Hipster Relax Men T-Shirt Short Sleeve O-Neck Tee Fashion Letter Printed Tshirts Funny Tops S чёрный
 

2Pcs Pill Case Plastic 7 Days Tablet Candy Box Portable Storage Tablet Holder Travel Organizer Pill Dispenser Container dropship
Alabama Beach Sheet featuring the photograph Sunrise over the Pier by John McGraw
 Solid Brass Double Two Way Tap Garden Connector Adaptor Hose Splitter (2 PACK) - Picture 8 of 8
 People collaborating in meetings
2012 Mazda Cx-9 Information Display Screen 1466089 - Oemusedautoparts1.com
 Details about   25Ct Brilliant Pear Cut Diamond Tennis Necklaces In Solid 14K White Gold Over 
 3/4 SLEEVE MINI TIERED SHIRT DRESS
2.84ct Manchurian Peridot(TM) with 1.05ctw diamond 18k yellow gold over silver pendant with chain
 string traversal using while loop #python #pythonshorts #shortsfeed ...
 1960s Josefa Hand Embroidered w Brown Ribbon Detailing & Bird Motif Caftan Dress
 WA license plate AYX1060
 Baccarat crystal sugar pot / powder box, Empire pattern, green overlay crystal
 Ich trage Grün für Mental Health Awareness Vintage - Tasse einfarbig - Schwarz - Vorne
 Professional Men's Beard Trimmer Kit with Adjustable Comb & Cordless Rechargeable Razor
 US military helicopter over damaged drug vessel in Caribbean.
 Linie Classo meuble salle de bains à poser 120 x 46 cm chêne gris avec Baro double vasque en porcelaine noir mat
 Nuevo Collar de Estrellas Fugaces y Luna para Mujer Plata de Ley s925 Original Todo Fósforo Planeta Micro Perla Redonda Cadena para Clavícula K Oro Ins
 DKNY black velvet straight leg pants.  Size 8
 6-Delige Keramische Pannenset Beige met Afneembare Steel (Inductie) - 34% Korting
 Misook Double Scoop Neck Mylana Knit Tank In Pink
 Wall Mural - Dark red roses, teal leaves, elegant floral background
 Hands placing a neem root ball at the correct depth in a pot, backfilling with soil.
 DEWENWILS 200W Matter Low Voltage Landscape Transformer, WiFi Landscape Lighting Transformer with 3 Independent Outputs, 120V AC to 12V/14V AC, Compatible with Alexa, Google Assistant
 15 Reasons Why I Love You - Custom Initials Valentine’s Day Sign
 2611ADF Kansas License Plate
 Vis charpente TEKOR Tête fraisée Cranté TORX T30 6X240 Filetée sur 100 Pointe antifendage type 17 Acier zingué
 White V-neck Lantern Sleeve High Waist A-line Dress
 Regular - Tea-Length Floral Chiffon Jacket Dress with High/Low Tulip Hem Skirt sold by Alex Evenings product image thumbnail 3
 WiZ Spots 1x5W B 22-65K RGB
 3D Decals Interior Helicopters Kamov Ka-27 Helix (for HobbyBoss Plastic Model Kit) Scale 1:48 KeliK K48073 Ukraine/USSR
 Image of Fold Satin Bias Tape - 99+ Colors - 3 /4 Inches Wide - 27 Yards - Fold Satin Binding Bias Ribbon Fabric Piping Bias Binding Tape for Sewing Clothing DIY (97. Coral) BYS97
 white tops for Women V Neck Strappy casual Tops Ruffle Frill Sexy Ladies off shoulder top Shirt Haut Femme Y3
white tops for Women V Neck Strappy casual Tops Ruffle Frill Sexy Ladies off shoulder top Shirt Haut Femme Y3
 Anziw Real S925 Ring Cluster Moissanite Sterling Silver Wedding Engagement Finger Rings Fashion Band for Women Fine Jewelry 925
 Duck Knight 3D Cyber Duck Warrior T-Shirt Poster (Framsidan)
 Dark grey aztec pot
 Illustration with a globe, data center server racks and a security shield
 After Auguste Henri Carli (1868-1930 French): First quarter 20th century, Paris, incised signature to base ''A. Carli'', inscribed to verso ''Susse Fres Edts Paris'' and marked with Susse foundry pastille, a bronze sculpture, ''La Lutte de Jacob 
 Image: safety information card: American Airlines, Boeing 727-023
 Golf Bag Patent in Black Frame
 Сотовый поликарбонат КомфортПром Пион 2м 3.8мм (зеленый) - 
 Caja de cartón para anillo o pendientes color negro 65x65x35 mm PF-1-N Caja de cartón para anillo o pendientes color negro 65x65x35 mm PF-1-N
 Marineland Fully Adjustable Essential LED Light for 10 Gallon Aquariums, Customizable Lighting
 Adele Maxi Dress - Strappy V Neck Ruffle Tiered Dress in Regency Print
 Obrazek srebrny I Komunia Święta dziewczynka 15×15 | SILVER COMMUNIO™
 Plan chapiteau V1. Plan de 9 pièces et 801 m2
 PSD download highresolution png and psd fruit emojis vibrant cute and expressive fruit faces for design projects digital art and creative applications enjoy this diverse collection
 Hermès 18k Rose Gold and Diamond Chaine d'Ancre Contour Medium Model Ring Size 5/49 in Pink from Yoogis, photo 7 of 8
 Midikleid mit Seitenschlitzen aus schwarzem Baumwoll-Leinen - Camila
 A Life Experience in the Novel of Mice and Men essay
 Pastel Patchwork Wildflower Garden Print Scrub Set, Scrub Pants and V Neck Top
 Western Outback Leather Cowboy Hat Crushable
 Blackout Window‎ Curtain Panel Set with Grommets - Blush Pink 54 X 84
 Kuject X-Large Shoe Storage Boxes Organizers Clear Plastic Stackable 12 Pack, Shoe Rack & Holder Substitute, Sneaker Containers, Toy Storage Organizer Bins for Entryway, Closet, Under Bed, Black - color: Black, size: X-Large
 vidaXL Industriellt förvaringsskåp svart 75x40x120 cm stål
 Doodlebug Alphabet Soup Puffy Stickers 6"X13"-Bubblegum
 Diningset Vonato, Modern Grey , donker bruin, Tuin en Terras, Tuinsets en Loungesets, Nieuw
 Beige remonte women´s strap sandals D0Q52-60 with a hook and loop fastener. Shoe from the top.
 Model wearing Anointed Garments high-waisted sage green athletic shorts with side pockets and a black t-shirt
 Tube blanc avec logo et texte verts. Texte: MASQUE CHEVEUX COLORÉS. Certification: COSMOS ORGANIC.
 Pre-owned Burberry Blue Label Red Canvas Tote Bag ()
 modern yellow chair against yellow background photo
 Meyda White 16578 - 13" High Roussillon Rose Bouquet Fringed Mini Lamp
--------------------------------
ASSIGNED TASK — Begin with the line above that has "Ich trage Grün" and continue through the line that has "Wall Mural - Dark", setting each one down exactly. Stop there.

RESPONSE BOX —
 Ich trage Grün für Mental Health Awareness Vintage - Tasse einfarbig - Schwarz - Vorne
 Professional Men's Beard Trimmer Kit with Adjustable Comb & Cordless Rechargeable Razor
 US military helicopter over damaged drug vessel in Caribbean.
 Linie Classo meuble salle de bains à poser 120 x 46 cm chêne gris avec Baro double vasque en porcelaine noir mat
 Nuevo Collar de Estrellas Fugaces y Luna para Mujer Plata de Ley s925 Original Todo Fósforo Planeta Micro Perla Redonda Cadena para Clavícula K Oro Ins
 DKNY black velvet straight leg pants.  Size 8
 6-Delige Keramische Pannenset Beige met Afneembare Steel (Inductie) - 34% Korting
 Misook Double Scoop Neck Mylana Knit Tank In Pink
 Wall Mural - Dark red roses, teal leaves, elegant floral background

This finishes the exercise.